Data, I assume, are transferred only when I invoke the kernel function. Does the same hold for device-to-host transactions? For instance, in the code above, if we omit lines 20-21 (we don’t access host_p any more from the host), will the device update the value of host_p on the host?
It seems that there are some implicit data transactions from the host to the device and vice-versa and it’s not very clear how the whole thing works.
Yes, if you only do the cudaHostAlloc operation, no data is transferred. Data is only transferred from the host to the device when the kernel reads the host mapped data. If the kernel writes to the host-mapped data, then (eventually) a write transaction is triggered to host memory, regardless of what the CPU thread does.
But if a variable is allocated with cudaHostAlloc and the flag cudaHostAllocWriteCombined, its address is passed to a kernel (that only reads from this variable) and, more, the host doesn’t read that variable any more, then are any data transferred from the device to the host?

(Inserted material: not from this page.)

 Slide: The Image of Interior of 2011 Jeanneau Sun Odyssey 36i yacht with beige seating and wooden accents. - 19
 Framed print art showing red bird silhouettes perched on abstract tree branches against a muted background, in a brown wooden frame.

For instance, consider this example:
__global__ void kernel(const int *da, int *db) {
int tid =threadIdx.x + blockIdx.x * blockDim.x;
db[tid] = da[tid] + 10;
}
int main(void) {
int * p;
int * q;
int * dev_p;
int * dev_q;
int ns = 64;
int size = ns * sizeof(int);
/* Allocate p as zero-copy write-combined memory */
checkCudaErrors(
cudaHostAlloc(&p, size,
cudaHostAllocWriteCombined | cudaHostAllocMapped));
/* Allocate q as zero-copy memory (not write-combined) */
checkCudaErrors(
cudaHostAlloc(&q, size, cudaHostAllocMapped));
/* Initialize p */
for (int i = 0; i < ns; i++){ p[i] = i + 1; }
/* Get the device pointers for p and q */
checkCudaErrors( cudaHostGetDevicePointer(&dev_p, p, 0));
checkCudaErrors( cudaHostGetDevicePointer(&dev_q, q, 0));
kernel<<<ns/2, ns>>>(dev_p, dev_q); // Launch the kernel
checkCudaErrors(cudaDeviceSynchronize());
for (int i = 0; i < ns; i++){ printf("q[%d] = %d\n", i, q[i]); }
return 0;
}
Here the values of p don’t change device-side; will p be transferred back to the host? (It wouldn’t make any sense of course!)

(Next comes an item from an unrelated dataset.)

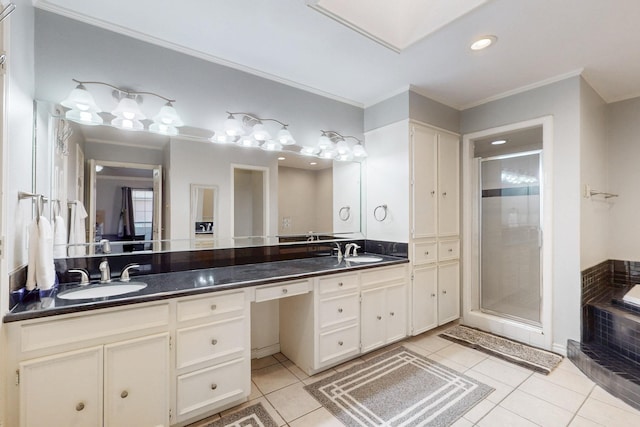 bathroom with tile patterned flooring, crown molding, and a sink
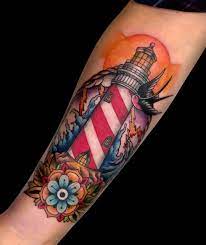 3. Lighthouse and Sparrow Tattoo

At the completion of the kernel (at least), the data written to by the kernel in the mapped space will be transferred back to the CPU memory. This is true regardless of the flags passed to cudaHostAlloc.

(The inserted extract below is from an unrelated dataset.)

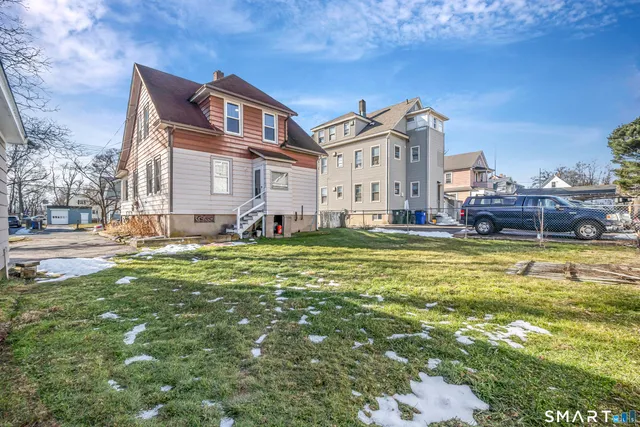 a front view of a house with a yard table and chairs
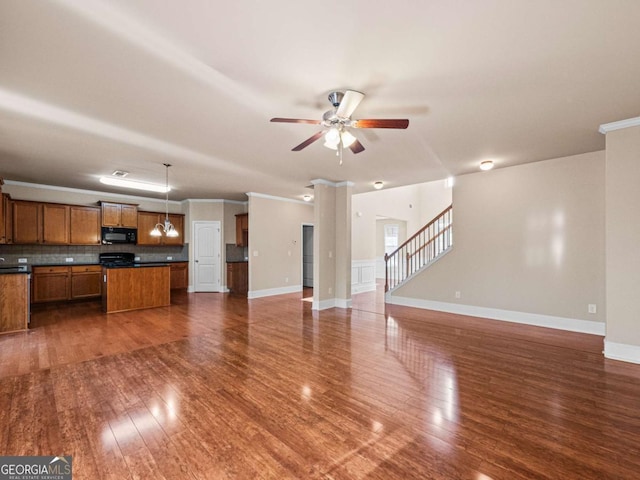 unfurnished living room with ceiling fan, crown molding, and dark wood-type flooring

If no data in the mapped space is written to by the kernel, then no data will be written back to CPU memory.
As I understood - when using zero-copy memory, the device reads/writes directly to the host memory through the PCIe bus. There is no device instance of the allocated memory area and there are no explicit memory transfers like in case of the page-able and pinned memory model.
This explains why “data transfers” are triggered by read/write operations.